We then learn from Chuck Evans, the narrator that he has organized an expedition to the land of the Bigfoot, in the hope of capturing one. To aid him in this endeavor he as assembled a crack team to trek for months through the Pacific Northwest to an area that man has never set foot and it thought to be the home of the Bigfoot. Now, by this point you can be forgiven for thinking that you're watching a documentary, the opening voice over and scientific information give the impression, and the build up for the expedition looks convincing enough. They could have gotten away with the ruse, but unfortunately, the moment the expedition members are introduced, you know this has to be a badly acted fiction.

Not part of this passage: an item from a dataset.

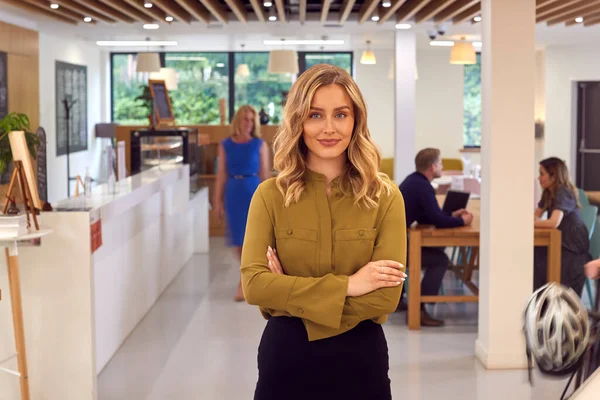 Retrato Mujer Negocios Pie Oficina Ocupada Cafetería —  Fotos de Stock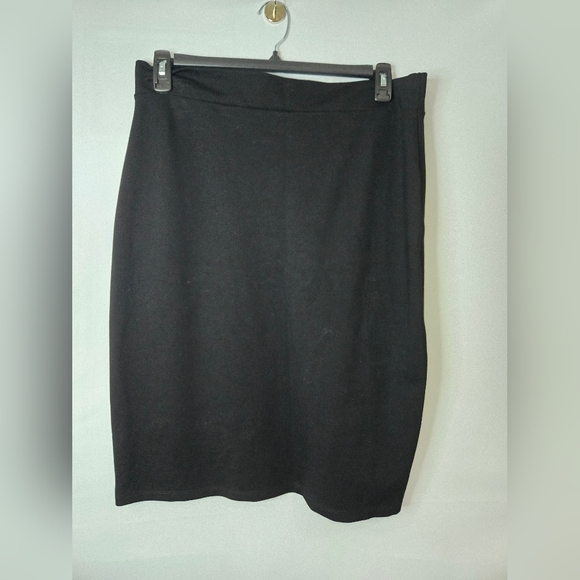 Urban Coco Black Pencil Skirt Size 2XL - Picture 1 of 5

The expedition is manned by such preposterous characters that you know this is a put on. Along with the scientific crew, there's the comedy character in the clumsy red haired cook. If he wasn't enough, you're also treated to an ancient, wise mountain man, a hard bitten cynical photographer from New York and a Native American Indian tracker. The Native American fella is, well, let's put it bluntly, a white fella in a long black wig speaking clipped and hackneyed wise Indian sayings in a manner little better than sticking up you hand and going 'how'. All in all, they're a pretty motley bunch, so much bigger than life that any thoughts that this might have been a documentary are long blown.
We follow the expedition as it treks along to where the computer has told them they will find Sasquatch, and where the wise mountain man knows they live. This is the bulk of the film - trekking and wilderness calamities. They are attacked by cougar at one point, that they kill. I can't be sure they didn't actually kill it, which I hope is not the case, especially if it was just for the film. They get washed away in a river, they have comedy capers with squirrels, attacked by a bear, and they tell tales of the past when miners and trappers were attacked by big ape like creatures. After all this trekking and adventure, a couple of broken trees herald the entrance to Bigfoot's domain.
It's not all camping adventures though, we're constantly reminded of the creatures ever present danger by endless point of view shots and weird animal noises and footprints. In Bigfoot's domainthings get extra paranoid. The team hunker down for the night, setting up an elaborate system of trip wires to warn of any approaching Bigfoot. They get their tranquilizer guns at the ready, and from the early tales of Sasquatch attacks, we know these creatures can kick butt (as in throw papiermachié rocks) and the team are scared.
Before you know it, the trip wires set off the alarms, and a number of creatures attack the camp. I say creatures, you can't quite be sure. You get the odd glimpse here and there, but nothing definite. Tables get thrown about, large fake boulders are rolled through the camp, the team all miss their targets and get injured in the process. They survive the night, but decide that after all their trekking, the best thing to do is run like the wind back home. And that's exactly what they do, Sasquatchless and beaten, with nothing more than a few footprint casts and broken bones to show for their trouble.
Now me, I love these kind of cheap schlocky horror films, and there was much to enjoy in this one, especially if you like the great outdoors. I read somewhere that they used actual Sasquatch recordings for the creatures noises in it, which sounds like nonsense, unless a Sasquatch actually sounds like an air raid siren. It's all very leaden, but you get the idea the guys in the film are having fun at least. It's a shame we don't get to see more of the Sasquatch creatures, but my guess is they would have blown their budget doing so, and in a way it's nice that the creature is kept almost secret.
It's fair to say film is no oscar winner, and irredeemably a product of the seventies, but there's a lot of fun to be had along the way for us monster fans. There are a couple of other films on the disc as well to enjoy - Snowbeast is another I saw as a kid in the 1970s, but I watched it again a couple of years ago and it was dreadful... With that in mind I will have to try out Snow Creature (1954) soon. I'll let you know if it's any better.